Due to many businesses’ focus on productivity, employees’ welfare was put to the bottom of the organization’s list of priorities. As a result, many business leaders found themselves without employees, as many were leaving or moving to other organizations that made them feel more valued and appreciated.
This is the best time for leaders to become more adept at listening – and doing so with intent and purpose. Listening with intent will enable you to be more considerate of the needs of others. As a business and organizational leader, your ability to listen will enable you to provide the support that your employees require in order to become more effective in their roles and responsibilities. In the long run, this will make your organization run more efficiently.

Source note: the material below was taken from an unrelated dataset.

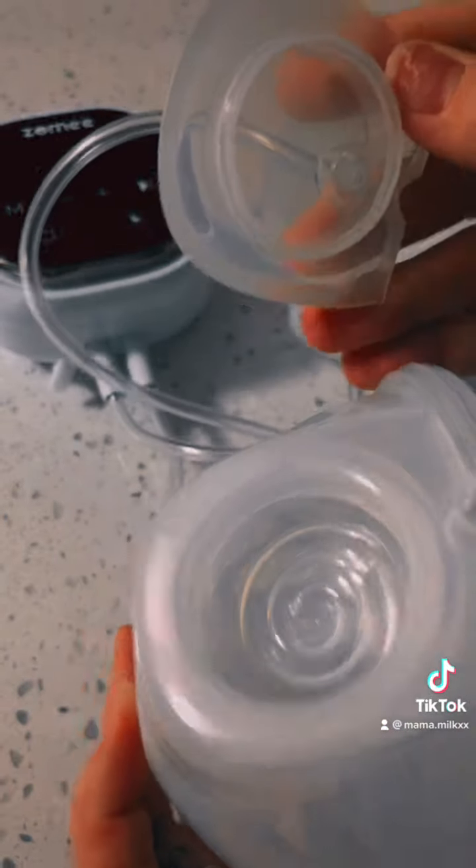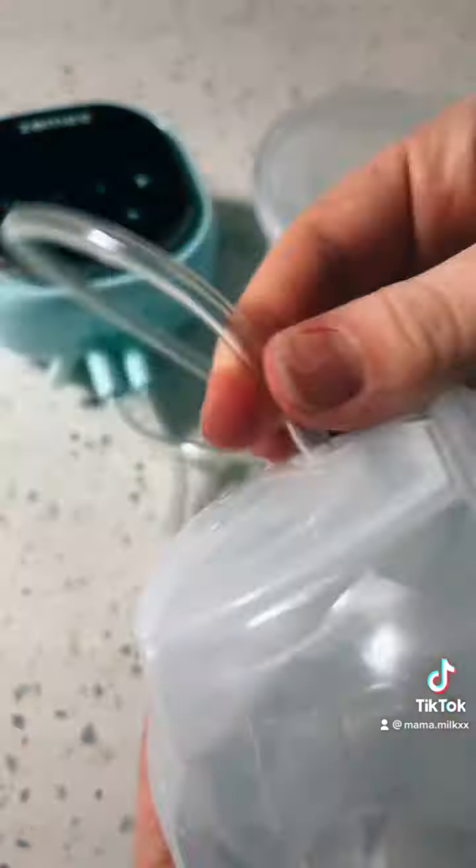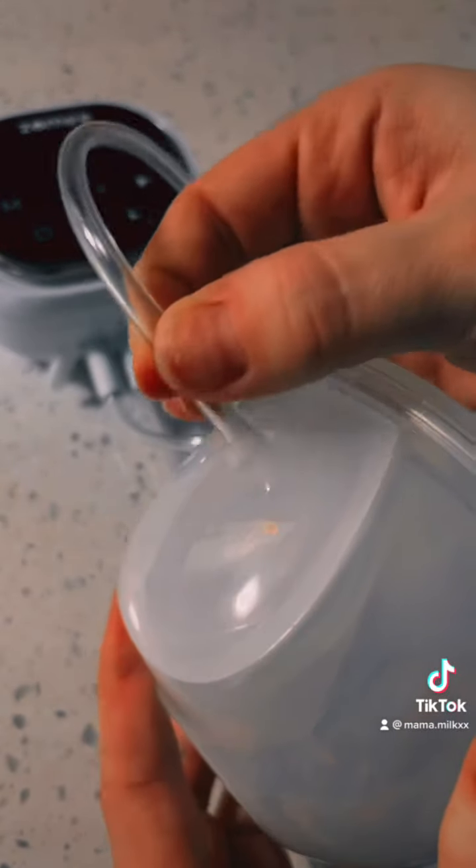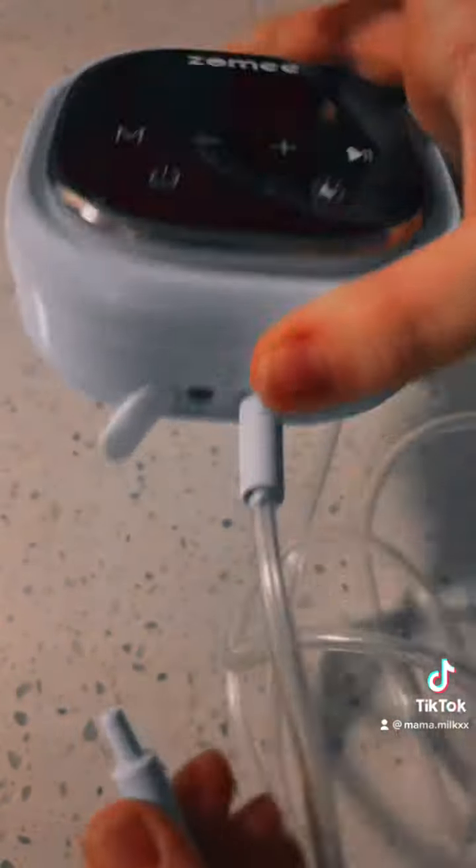These hold 8 ounces. They're super easy to pour and assemble. As you can see, it just clips in there and you can just take off the tubing. If you use the normal phalanges, it's super easy to go back and forth with those as well.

Ways to Implement Listening as a Leader
Now that you understand the value of listening with intent as a leader, the next step is to know how to implement it. Here are some of the strategies that you can use or adopt.
1. Engage Yourself
Most business leaders strive for ways to make their employees engaged. As a leader, you need to be engaged yourself too. Encourage your employees to ask questions or elaborate when they have input to share. Make them feel that you value their opinion so that you can expand your perspective on how you lead the organization.
When they share their input, pay attention and make sure that you attempt to understand what matters to them.
2. Show Empathy
Listening with intent shows how empathic you are towards the plights of your employees. With many businesses and organizations working on a limited workforce, there is added stress and pressure on each and every employee.
If you see signs of frustration or stress, let them know how you can ease that stress. Find ways to make them feel more comfortable so they can in turn be more productive.
3. Avoid Judgment
A lot of people listen with a desire to respond. This is something that effective leaders need to unlearn. Listening with intent and purpose is about embracing the different perspective about a particular situation or scenario that the other person has to share. The more open you are and when you are judgment-free, the better able you are to see the big picture.
Listening with intent does not happen naturally to most people, even with the most experienced leaders. But in the concept of conscious leadership, it is a skill that you need to master if you want to be able to lead more effectively.